Internet neutrality – rarely referred to in its full form; rather, it’s shortened to net neutrality in most news sources – is the dedication of Internet service providers offering identical amounts of bandwidth – Internet speed – to all their customers, including both business users and consumer households or individuals.
As businesses, Internet service providers aren’t in favor of net neutrality. Then why would any ISP agree to offer free and equal delegations of bandwidth to each and every customer – in other words, act with ethics and a strong standard of fairness – throughout the United States of America?
Here’s the answer: because the Federal Communications Commission requires such behavior from Internet service providers offering services in the United States of America.
Ever since the Internet was invented by Tim Berners-Lee and company in the late 1980s, net neutrality has always been required in the United States, such a requirement manifesting itself in American standards of law in one form or another.
Two years ago, now-former President Barack Obama played an instrumental part in writing Internet neutrality into American governmental rulebooks, it becoming part of the Communications Act of 1934, which requires phone, television, radio – even telegraph servicers, if that’s even a thing in today’s world – and any other type of communication providers to offer such services at a reasonable price, in a fair capacity, such that it’s available to all citizens of the United States.

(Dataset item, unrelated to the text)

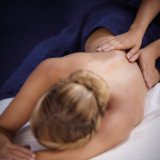 Person receiving a therapeutic back massage from a professional massage therapist.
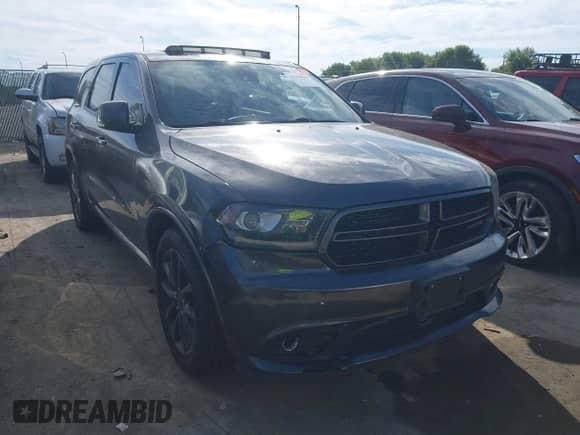 2015 Dodge Durango R/T with VIN 1C4SDJCT9FC782105, listed as a IAAI auction lot 43169541 with 119,458 mi miles and . Bid and sale history available at DreamBid. Image 1.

Unfortunately for everyone living in the United States, Federal Communications Commission Chairman Ajit Pai sought the repeal of net neutrality laws just a few months ago. As a requirement of making major changes to laws that would likely be of interest to consumers, the FCC held a public comment forum in which any and every American citizen was free to leave their opinions on the FCC’s website.
Thousands of people who had already passed away had “commented” on the forum, suggesting the presence of fraud. Bots had also been designed to comment, both of the above were largely in favor of repealing net neutrality – just like Ajit Pai.
Internet users around the nation have expressed their dismay with the potential repeal of such laws.
Ajit Pai asserted that Twitter was politically biased, opposing the net neutrality repeal. Pai shared that Twitter had blocked a conservative congresswoman’s video opposing abortion, claiming evidence of Twitter’s so-called “double-standard” political views.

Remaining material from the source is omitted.